DATASET EXCERPTS >>
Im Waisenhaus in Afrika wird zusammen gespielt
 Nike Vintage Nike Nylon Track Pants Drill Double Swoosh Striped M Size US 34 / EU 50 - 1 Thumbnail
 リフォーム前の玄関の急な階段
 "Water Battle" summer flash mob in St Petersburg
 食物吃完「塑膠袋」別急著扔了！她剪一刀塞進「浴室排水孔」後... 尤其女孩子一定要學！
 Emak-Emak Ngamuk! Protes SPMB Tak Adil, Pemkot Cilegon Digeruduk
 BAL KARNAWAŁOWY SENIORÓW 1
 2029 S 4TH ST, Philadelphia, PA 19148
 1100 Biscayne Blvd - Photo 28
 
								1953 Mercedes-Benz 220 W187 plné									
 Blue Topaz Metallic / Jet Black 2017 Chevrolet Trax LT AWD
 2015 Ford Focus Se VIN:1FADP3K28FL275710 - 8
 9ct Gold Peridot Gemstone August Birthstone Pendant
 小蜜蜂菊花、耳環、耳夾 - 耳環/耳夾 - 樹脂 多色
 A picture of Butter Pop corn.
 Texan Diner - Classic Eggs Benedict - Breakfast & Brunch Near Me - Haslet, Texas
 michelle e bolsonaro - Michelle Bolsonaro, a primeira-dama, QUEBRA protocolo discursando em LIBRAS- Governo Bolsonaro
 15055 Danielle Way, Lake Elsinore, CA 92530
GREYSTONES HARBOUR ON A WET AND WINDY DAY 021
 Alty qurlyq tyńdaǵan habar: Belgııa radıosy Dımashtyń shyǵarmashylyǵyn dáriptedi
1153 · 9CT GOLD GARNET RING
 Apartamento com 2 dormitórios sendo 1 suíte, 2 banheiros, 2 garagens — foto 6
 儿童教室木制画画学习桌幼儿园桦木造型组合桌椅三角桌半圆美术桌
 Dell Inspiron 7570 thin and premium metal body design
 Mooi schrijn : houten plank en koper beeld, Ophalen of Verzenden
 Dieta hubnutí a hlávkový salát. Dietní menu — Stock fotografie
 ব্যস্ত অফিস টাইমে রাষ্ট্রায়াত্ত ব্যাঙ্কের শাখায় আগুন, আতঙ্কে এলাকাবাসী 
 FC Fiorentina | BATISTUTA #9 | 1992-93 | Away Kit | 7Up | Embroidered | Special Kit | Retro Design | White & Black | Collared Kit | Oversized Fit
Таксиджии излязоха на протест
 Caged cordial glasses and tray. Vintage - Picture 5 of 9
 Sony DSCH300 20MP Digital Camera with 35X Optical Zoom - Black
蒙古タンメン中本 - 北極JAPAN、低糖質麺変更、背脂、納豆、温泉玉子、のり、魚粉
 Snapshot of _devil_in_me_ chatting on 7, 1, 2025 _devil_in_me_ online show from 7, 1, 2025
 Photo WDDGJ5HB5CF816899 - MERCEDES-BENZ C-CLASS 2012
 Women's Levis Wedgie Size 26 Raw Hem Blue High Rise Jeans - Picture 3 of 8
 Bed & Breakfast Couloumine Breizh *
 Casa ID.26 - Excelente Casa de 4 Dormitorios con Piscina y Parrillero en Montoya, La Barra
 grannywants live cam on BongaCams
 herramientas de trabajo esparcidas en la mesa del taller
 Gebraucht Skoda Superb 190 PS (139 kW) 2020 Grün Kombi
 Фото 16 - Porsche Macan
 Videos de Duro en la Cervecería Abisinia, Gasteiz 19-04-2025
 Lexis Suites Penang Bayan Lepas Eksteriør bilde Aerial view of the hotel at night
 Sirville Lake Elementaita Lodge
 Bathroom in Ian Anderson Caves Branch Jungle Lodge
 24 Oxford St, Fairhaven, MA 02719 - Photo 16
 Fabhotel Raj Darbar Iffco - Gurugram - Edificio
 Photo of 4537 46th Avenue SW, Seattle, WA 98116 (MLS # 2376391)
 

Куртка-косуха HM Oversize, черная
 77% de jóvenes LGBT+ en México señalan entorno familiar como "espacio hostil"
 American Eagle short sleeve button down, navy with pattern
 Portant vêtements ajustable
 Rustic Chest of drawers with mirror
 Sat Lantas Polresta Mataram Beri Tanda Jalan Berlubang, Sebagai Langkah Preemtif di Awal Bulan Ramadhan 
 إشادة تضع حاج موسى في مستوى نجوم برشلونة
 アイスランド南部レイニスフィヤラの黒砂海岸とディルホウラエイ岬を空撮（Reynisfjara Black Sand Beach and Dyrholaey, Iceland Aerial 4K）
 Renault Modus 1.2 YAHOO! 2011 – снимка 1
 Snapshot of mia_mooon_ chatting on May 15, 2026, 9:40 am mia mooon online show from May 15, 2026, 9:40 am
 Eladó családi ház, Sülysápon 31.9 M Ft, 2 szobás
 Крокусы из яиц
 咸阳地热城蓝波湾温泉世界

WORK INSTRUCTION >>
Lines with the word "show": tally them across the material and give only the total.

FINISHED TASK >>
2